An alternative to the simple method for describing wave-–seabed interactions around marine structures is to combine Biot theory [85] (see Equations (11)–(13)) with the Navier–Stokes (NS) equations for the wave field. This numerical approach studies the wave–structure–seabed interactions with two modules: (1) the wave–structure module, based on RANS or VARANS equations as with the simple approach (see Section 3.1.1), and (2) the seabed module (described below) in which the Biot’s equations govern the dynamic response of the porous seabed under wave loading. Figure 9 presents a summary of the modules that are presented in this numerical approach.

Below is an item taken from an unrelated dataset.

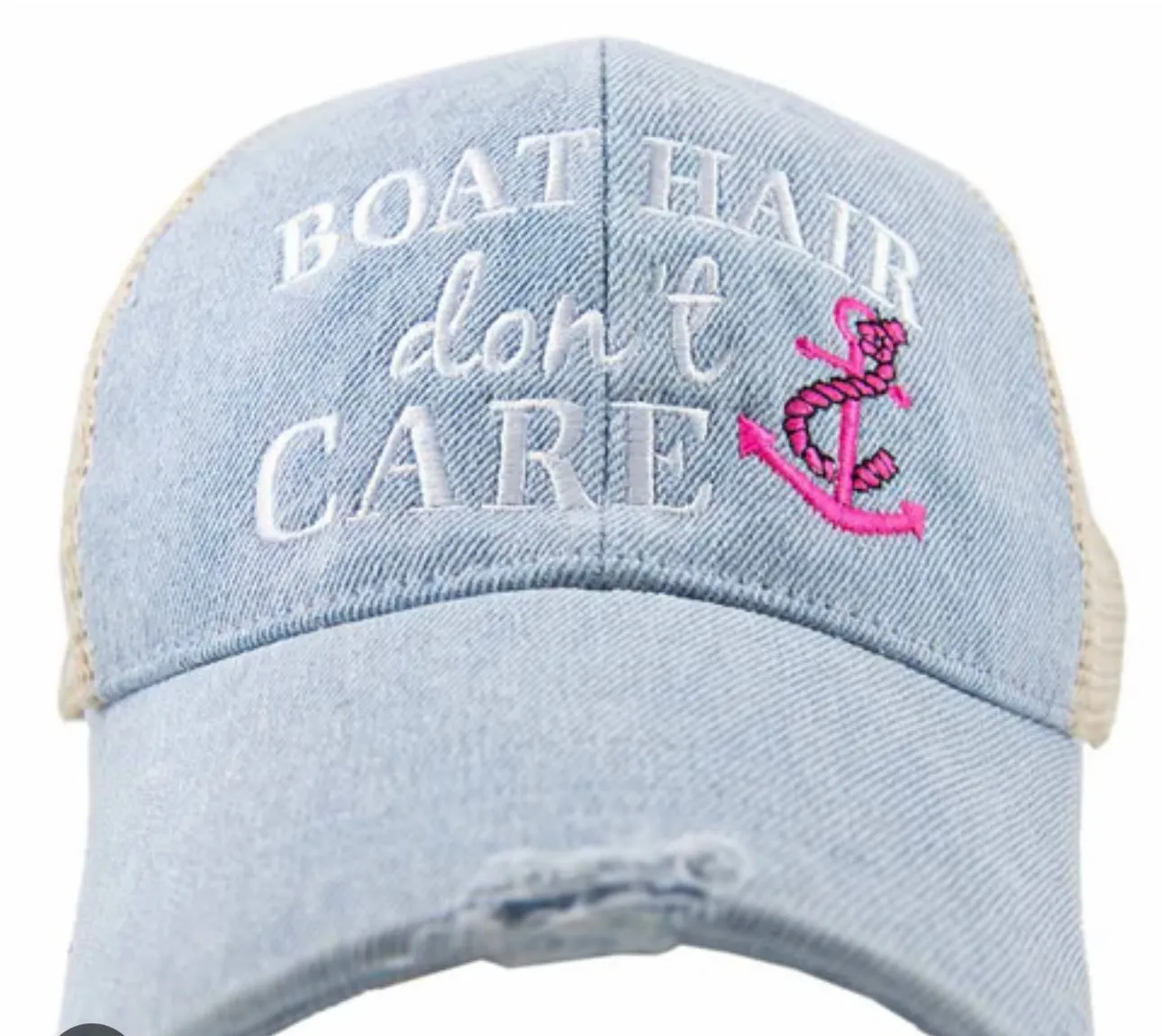 Boat hats Boat hair dont care Embroidered distressed light denim blue trucker cap with pink anchor Vacation Lake Beach Boating Ocean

3.2.1. Seabed Module: Biot’s Equations

The Biot’s equations are adopted as the governing equations for describing the dynamic response of the isotropic porous seabed under wave loading [85]. This paper provides a brief outline of the Biot’s equations, but further details can be found in Jeng and Ou [86].

(1)

The momentum conservation equation for the mixture (fluid and sediment) can be written as:

$$\left(\frac{\partial {\sigma }_{s,i}^{\prime }}{\partial x_i}+\frac{\partial {\tau }_{s,ij}}{\partial x_j}\right)+\rho g_i=\rho \frac{{\partial }^2{x}_{s,i}}{\partial t^2}+{\rho }_f\frac{{\partial }^2{w}_{f,i}}{\partial t^2}$$

(11)

(2)

When considering the flow to be governed by Darcy’s law, the momentum equation of fluid phase is written as:

$$-\frac{\partial p_s}{\partial x_i}+{\rho }_f{g}_i={\rho }_f\frac{{\partial }^2{x}_{s,i}}{\partial t^2}+\frac{{\rho }_f}{n_s}\frac{{\partial }^2{w}_{f,i}}{\partial t^2}+\frac{{\rho }_f{g}_i}{k_s}\frac{\partial w_{f,i}}{\partial t}$$

(12)

(3)

The mass conservation equation for fluid phase can be stated as;

$$\frac{\partial }{\partial t}\left(\frac{\partial x_{s,i}}{\partial x_i}\right)+\frac{\partial }{\partial t}\left(\frac{\partial w_{f,i}}{\partial x_i}\right)=-\frac{n_s}{K_f}\frac{\partial p_s}{\partial t}$$

(13)

In these equations, ${\sigma }_s^{\prime }$ and ${\tau }_s$ are the effective normal and shear stresses of the soil, respectively; $p_s$ is the wave-induced oscillatory pore pressure; $x_s=(x_{s,x},x_{s,y},x_{s,z})$ is the seabed displacement; $w_f$ is the averaged (Darcy) fluid velocity; $k_s$ and $n_s$ are the permeability and porosity of the seabed, respectively; $\rho ={\rho }_f{n}_s+{\rho }_s(1-n_s)$ is the total density; and, $K_f$ is the bulk modulus of pore water that is related with the degree of saturation of the seabed, $S_r$. For this module, there are two considerations to be taken into account: (i) the inertial terms and (ii) the rheological model that relates the stresses and deformation of the seabed under wave action.

Inertial Terms

Different expressions for the Biot’s equations are implemented, depending on the rate of wave loading (wave period, $T_w$) and the characteristics of the porous media (permeability, $k_s$) [87,88,89]:

• Fully dynamic: the coupled equations of flow and deformation are formulated to include both acceleration terms: $\frac{{\partial }^2{x}_{s,i}}{\partial t^2}$, $\frac{{\partial }^2{w}_{f,i}}{\partial t^2}$
• Partly dynamic, which is also known as $u-P$ dynamic: the coupled equations of flow and deformation are formulated when only considering the acceleration of the seabed, $\frac{{\partial }^2{x}_{s,i}}{\partial t^2}$.
• Quasi-static: both inertial terms are ignored, resulting in quasi-static coupled flow and deformation formulation.

Rheological Models

The response of the wave–seabed interactions can be evaluated by rheological models, which relate the normal and shear stresses, (${\sigma }_s^{\prime }$, ${\tau }_s$), and the strain, ${ϵ}_s=\frac{\partial x_{s,i}}{\partial x_i}$, of the soil under the cyclic wave action. Most of the works analyse the wave–structure interactions on non-cohesive seabeds, i.e., composed by sands and/or gravels. For cohesive seabeds (silts and clays), the lack of laboratory or field tests makes it difficult to calibrate and validate the numerical models. A detailed description of rheological models for cohesive and non-cohesive soils is given in Díaz-Carrasco [90].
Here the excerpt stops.